### [Prompt]
Only the lines of the data below from the one with "Miniatura 17 de" through the one with "Umbra Conceal Floating" are wanted. Repeat them exactly.

### [Exercise input]

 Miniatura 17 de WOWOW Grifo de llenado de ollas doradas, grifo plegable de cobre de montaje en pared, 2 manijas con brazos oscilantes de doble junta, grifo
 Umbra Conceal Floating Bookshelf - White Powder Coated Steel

==

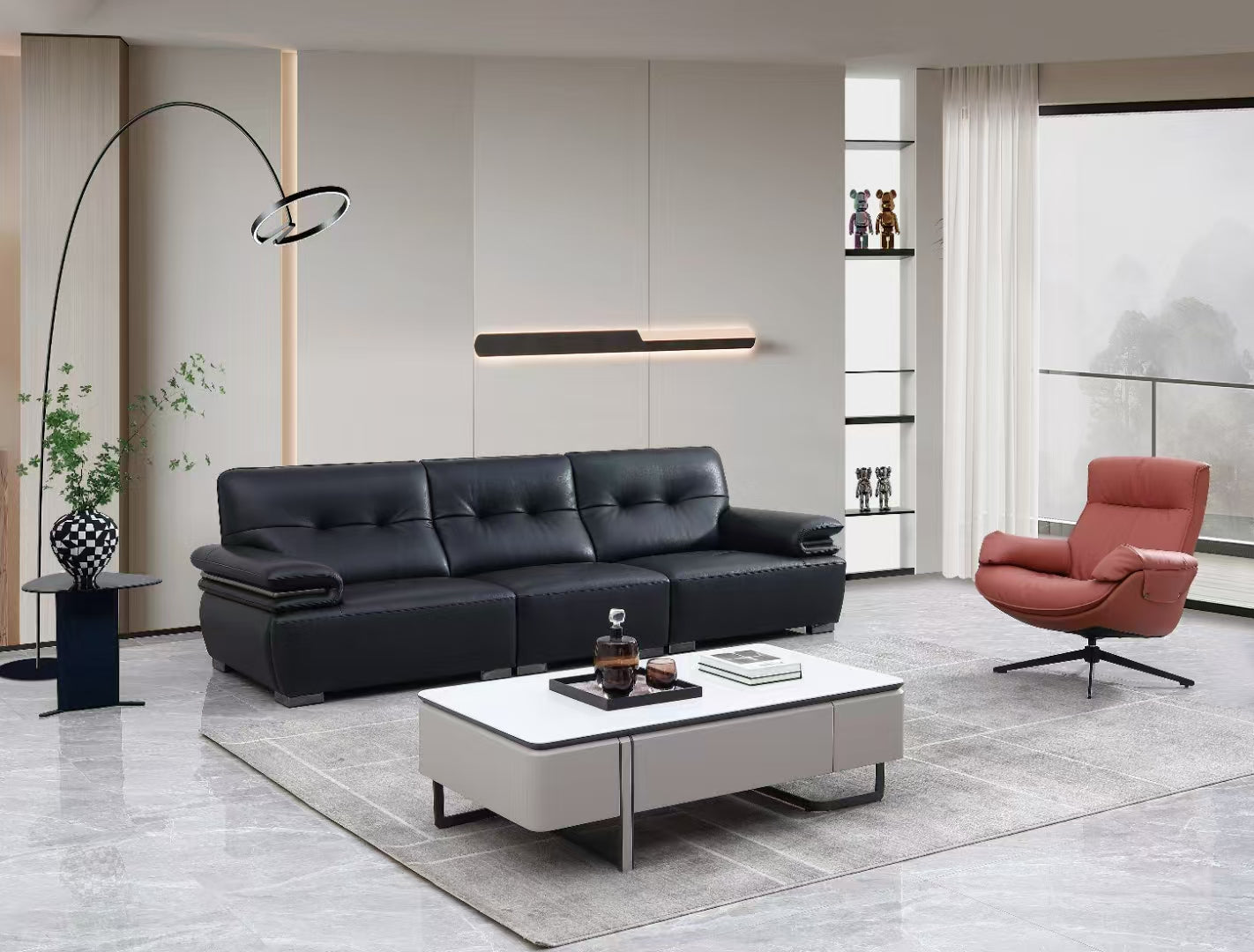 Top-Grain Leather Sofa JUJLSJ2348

--

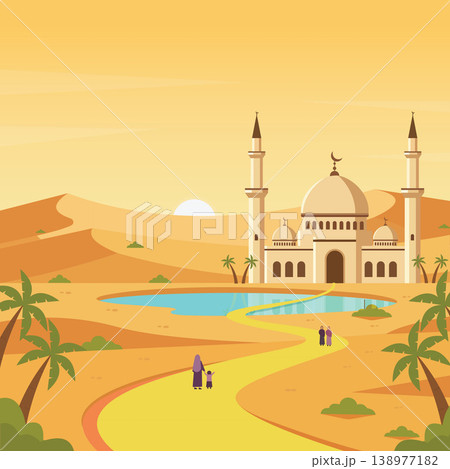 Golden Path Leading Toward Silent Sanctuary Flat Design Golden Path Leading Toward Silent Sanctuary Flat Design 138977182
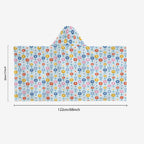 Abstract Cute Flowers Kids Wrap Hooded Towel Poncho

### [Expected output]
 Miniatura 17 de WOWOW Grifo de llenado de ollas doradas, grifo plegable de cobre de montaje en pared, 2 manijas con brazos oscilantes de doble junta, grifo
 Umbra Conceal Floating Bookshelf - White Powder Coated Steel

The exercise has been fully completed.